Surrounded by Water
Sometimes I feel like a flower in the middle of a mud puddle.
Whether reality matches my feelings or
not is another story. These are the times I feel like the impossible swampiness
of life is about to choke me to death, and the little beauty that I might be
showing is about to sink into the abyss of my circumstances? Ah . . . maybe you
can relate?
Yesterday, I went fishing with my husband. I fished for a
little while, but then I got out my camera and began playing with the settings
and the lenses. My husband noticed that when I had one lens on, the pictures
seemed blurry—maybe because I am
learning to use it or just plain need my glasses on, but partly because of the instability
of the situation. I was holding a telephoto lens on a rocking boat with what
seemed like gale-force winds at times. Greg suggested that when I changed
lenses, the picture changed and became more focused. Life is rather like that—sometimes
we are amateurishly pretending we know what we are doing or are just working
our way through what we don’t understand when God is waiting for us to look
through His lens—to change our perceptions.
Like changing a lens to take different types of pictures, the
lens I choose to look through often affects how I see my circumstances. If I
am looking back at life and what has already occurred, it is much easier to see
clearly the truth of the situation. I think of Jeremiah prophesying Israel’s
return to God after a time of disobedience, rebellion, and suffering in
captivity. He tells them to “set up road markers for yourself; make yourselves
guideposts; consider well the highway, the road by which you went” (31:21). He reminds them of the consequences of their
sin and encourages them of the
restoration to come that would occur when God set them on the path back to Him.
Often, I have grand ideas about how life should go, and I am sometimes
discouraged in the middle of facing the hard things that come with this life. The
lens I am peering through is often distorted by life’s challenge.
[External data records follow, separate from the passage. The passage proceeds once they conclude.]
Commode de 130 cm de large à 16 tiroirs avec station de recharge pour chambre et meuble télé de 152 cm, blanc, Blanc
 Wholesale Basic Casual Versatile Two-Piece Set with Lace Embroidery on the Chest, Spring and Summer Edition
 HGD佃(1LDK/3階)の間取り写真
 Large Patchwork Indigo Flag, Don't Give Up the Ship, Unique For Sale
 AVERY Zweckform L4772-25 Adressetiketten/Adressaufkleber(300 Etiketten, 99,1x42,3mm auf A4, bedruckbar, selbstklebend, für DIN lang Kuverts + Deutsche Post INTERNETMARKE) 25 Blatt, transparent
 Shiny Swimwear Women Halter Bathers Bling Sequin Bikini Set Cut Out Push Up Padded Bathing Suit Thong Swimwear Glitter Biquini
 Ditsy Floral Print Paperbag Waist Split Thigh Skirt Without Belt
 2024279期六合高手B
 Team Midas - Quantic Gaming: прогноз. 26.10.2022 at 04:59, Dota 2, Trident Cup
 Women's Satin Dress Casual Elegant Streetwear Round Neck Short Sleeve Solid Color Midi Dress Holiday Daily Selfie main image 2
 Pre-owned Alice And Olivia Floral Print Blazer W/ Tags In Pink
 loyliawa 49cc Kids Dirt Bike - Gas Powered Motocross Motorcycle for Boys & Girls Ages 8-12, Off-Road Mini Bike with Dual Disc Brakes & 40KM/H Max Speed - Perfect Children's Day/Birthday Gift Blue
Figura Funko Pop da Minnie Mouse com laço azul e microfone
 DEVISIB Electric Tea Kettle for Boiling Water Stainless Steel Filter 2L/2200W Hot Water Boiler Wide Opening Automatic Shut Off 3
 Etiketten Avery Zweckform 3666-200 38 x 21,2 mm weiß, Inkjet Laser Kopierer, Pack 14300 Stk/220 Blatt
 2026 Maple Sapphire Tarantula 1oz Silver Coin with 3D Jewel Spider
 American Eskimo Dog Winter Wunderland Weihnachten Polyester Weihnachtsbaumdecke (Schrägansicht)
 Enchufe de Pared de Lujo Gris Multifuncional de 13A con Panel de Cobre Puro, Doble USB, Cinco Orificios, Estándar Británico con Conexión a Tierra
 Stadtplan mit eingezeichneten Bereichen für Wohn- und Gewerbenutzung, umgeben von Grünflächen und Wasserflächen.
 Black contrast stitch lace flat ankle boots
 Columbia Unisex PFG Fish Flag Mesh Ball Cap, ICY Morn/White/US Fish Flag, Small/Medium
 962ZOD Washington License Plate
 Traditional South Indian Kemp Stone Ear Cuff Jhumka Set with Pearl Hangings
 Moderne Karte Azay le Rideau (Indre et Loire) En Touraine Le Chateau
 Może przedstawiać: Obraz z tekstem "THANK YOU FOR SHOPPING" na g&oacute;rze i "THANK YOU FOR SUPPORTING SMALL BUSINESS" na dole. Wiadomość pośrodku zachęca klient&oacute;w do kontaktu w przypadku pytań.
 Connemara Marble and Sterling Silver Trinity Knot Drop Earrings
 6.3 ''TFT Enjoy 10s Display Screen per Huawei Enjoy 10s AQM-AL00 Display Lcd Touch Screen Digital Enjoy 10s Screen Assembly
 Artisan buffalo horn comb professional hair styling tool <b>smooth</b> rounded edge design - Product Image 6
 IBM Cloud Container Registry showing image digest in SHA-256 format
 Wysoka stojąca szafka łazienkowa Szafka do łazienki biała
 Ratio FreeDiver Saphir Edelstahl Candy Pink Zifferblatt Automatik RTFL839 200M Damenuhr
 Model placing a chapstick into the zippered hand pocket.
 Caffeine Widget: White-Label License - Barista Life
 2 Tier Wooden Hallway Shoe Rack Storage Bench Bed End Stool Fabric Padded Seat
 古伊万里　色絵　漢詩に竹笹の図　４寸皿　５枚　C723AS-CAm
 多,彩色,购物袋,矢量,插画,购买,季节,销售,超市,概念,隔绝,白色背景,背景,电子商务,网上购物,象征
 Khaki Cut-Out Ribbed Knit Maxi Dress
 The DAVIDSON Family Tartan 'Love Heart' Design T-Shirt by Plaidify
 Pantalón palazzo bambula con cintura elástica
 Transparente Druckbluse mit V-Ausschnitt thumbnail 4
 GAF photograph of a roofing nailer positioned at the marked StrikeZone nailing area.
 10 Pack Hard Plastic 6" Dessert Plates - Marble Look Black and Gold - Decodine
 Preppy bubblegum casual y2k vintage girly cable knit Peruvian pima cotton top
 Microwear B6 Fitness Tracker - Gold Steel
On the way home from fishing, I looked for opportunities to
practice and saw this flower in the middle of a mud puddle. I passed it by,
reconsidered, and put the car in reverse to go back and take a picture. My life
is not a giant mud puddle, but like this flower (what my husband would term a
weed), sometimes I am surrounded by circumstances that quickly arise—and it can
be quite daunting to try to hold my head
up. (I am sure there’s another post in me somewhere about being a weed—i.e.,
out of place. . .
But the thing is this: ultimately, God plants me where I am
the most useful to Him (I Cor. 7:21-24), and contrary to my feelings, I am to serve Him there—blooming where I am planted until He plants me
somewhere else (or dries up the mud puddle in which I’ve been living). I just need to change my lens and practice
this thing called living for Him just a little bit more.